Um Deep Dene House waren noch eine Menge Neugieriger versammelt. Das Haus und seine Lage hatte ich mir ganz richtig vorgestellt. In der Türe kam uns Lestrade mit der Miene des Siegers entgegen.
»Nun, Herr Holmes, wer hat recht? Haben Sie Ihren Landstreicher schon?« rief er uns zu.
»Ich habe mir noch kein endgültiges Urteil gebildet,« erwiderte mein Freund.
»Aber wir haben uns gestern unseres schon gebildet und heute hat es sich als richtig erwiesen. Sie müssen also zugeben, daß wir Ihnen diesmal etwas voraus sind, Herr Holmes.«
»Sie tun so, als ob Sie etwas Besonderes gefunden hätten, als ob ein unerwartetes Moment eingetreten wäre,« sagte Holmes.
Lestrade lachte laut auf.
»Ich glaub’ Ihnen schon, daß Sie sich ebenso ungern schlagen lassen, wie die meisten von uns auch. Man kann jedoch nicht erwarten, daß man stets recht behält, nicht wahr, Herr Doktor? Kommen Sie mit mir, meine Herren, ich glaube, Sie jetzt von der Schuld des jungen Farlane definitiv überzeugen zu können.«
Er führte uns durch einen Gang in einen ziemlich dunklen Vorsaal.
»Hier muß Farlane nach Verübung des Verbrechens durchgekommen sein und seinen Hut geholt haben,« sagte er weiter. »Nun, sehen Sie hier.« Mit theatralischem Gebahren zündete er ein Streichholz an und zeigte uns einen Blutflecken an der weißgetünchten Wand. Als er das Streichholz näher hielt, sah ich, daß es kein bloßer Spritzer, sondern ein deutlicher Daumenabdruck war.
»Nehmen Sie mal die Lupe, Herr Holmes.«
»Jawohl, ich bin schon im Begriff.«
»Es ist Ihnen wohl bekannt, daß zwei Daumen niemals denselben Abdruck geben?«
»Ich habe schon davon gehört.«
»Dann vergleichen Sie ihn, bitte, mit diesem Wachsabdruck hier, den ich heute morgen vom Daumen des jungen Farlane habe nehmen lassen.«
Als er den Wachsabdruck neben den Blutflecken hielt, bedurfte es keines Vergrößerungsglases, um zweifellos zu erkennen, daß beide von demselben Daumen herrührten.

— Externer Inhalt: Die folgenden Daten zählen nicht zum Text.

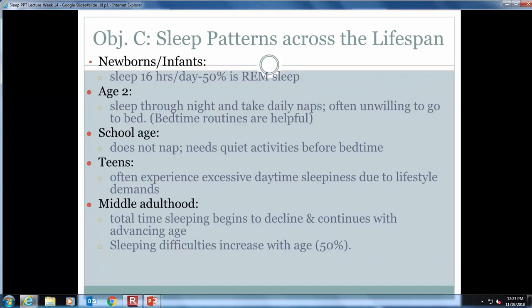Newborns and infants sleep most of the day; about half their sleep is REM as they develop a sleep-wake cycle or circadian rhythm. By age two, toddlers should sleep through the night and take daily naps. By middle adulthood, total sleep time begins to decline — they awaken more often and have trouble getting back to sleep. Insomnia in the elderly increases the risk of depression, heart disease, body pain, and memory problems, and the effects of caffeine last longer in the elderly.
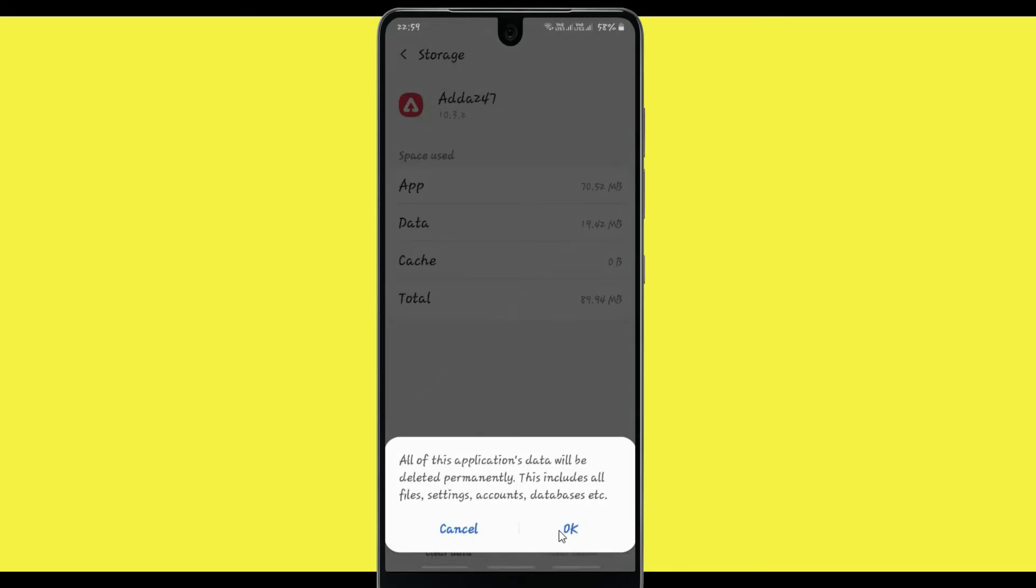It shows that all application data will be deleted permanently. This includes all files, settings, accounts, database, etc. Click OK.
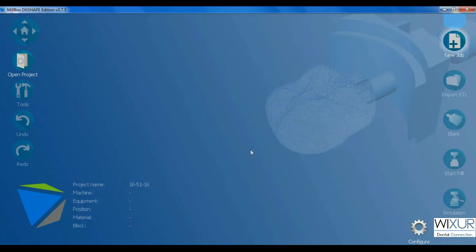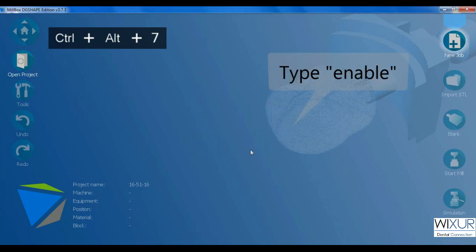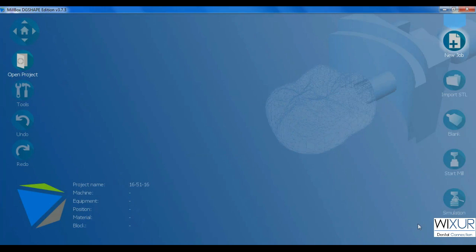To deactivate configuration panel again, hold Ctrl and Alt button on the keyboard and then press 7 and enter 'enable' as password. If you have any questions please write for me in comments. Thank you for watching VIXER YouTube channel.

Ich sah ein, daß unser unglücklicher Klient verloren war.
»Das ist das Schlußglied der Beweiskette,« sagte Lestrade.
»Ja, das ist das Schlußglied,« wiederholte ich mechanisch.

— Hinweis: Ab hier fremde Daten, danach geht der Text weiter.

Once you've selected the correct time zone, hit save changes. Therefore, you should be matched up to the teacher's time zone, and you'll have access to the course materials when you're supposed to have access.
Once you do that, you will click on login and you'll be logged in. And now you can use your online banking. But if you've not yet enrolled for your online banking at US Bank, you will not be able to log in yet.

»Das ist die Entscheidung,« sagte Holmes.
In seiner Stimme fiel mir etwas auf. Ich drehte mich um und sah ihn an. Sein Ausdruck war vollständig verändert. Er verriet innere Freude. Die Augen glänzten wie Sterne. Mir schien es, als ob er gewaltsam das Lachen unterdrücken müßte.

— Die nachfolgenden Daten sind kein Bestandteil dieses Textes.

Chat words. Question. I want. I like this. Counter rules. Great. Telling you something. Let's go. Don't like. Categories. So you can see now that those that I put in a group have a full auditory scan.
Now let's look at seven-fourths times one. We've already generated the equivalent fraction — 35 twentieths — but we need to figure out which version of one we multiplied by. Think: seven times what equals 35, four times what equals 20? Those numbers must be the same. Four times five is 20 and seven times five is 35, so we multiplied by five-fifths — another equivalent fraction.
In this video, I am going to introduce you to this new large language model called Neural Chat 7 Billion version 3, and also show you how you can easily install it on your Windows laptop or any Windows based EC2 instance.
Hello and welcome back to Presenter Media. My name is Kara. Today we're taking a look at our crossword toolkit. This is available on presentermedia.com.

»Herr des Himmels!« rief er endlich aus. »Wer hätte so was gedacht? Wie einen das Aussehen eines Menschen doch täuschen kann, wahrhaftig! Allem Anschein nach war er so ‘n netter Mann! Es wird eine Lehre für uns sein, unserem eigenen Urteil nicht allzusehr zu vertrauen, nicht wahr Lestrade?«
»Allerdings, Herr Holmes; es gibt Leute, die ein bißchen zu selbstbewußt, von der Richtigkeit ihrer Auffassung zu sehr eingenommen sind,« antwortete Lestrade. »Der trat so unverfroren und scheinheilig auf, daß man’s ihm wirklich nicht zugetraut hätte.«
»Und wie fürsorglich er gehandelt hat, indem er seinen rechten Daumen an die Wand drückte, als er den Hut vom Haken nahm! Und wie natürlich das außerdem ist, wenn man genauer darüber nachdenkt!« Holmes war äußerlich ruhig, während er so sprach, aber einem genauen Kenner wie mir konnte die unterdrückte Erregung nicht verborgen bleiben. »Uebrigens, Herr Lestrade, wer hat denn diese großartige Entdeckung eigentlich gemacht?«
»Die Haushälterin hat den Polizisten, der die Nachtwache hatte, darauf aufmerksam gemacht.«
»Wo befand er sich während der Nacht?«
»Er wachte im Schlafzimmer, wo das Verbrechen begangen worden ist, und paßte auf, daß alles unberührt liegen blieb.«
»Aber warum ist dieses Zeichen nicht schon gestern bemerkt worden?«
»Weil wir keinen besonderen Grund hatten, dieses Vorzimmer eingehender zu untersuchen. Außerdem ist es an keiner auffallenden Stelle, wie Sie sehen.«
»Nein, nein, allerdings nicht. Und es besteht vermutlich doch kein Zweifel, daß es gestern schon dort war?«
Lestrade sah Holmes an, als ob er ihn für nicht ganz zurechnungsfähig hielt. Ich muß gestehen, daß ich selbst über seinen guten Mut und über seine Bemerkungen erstaunt war.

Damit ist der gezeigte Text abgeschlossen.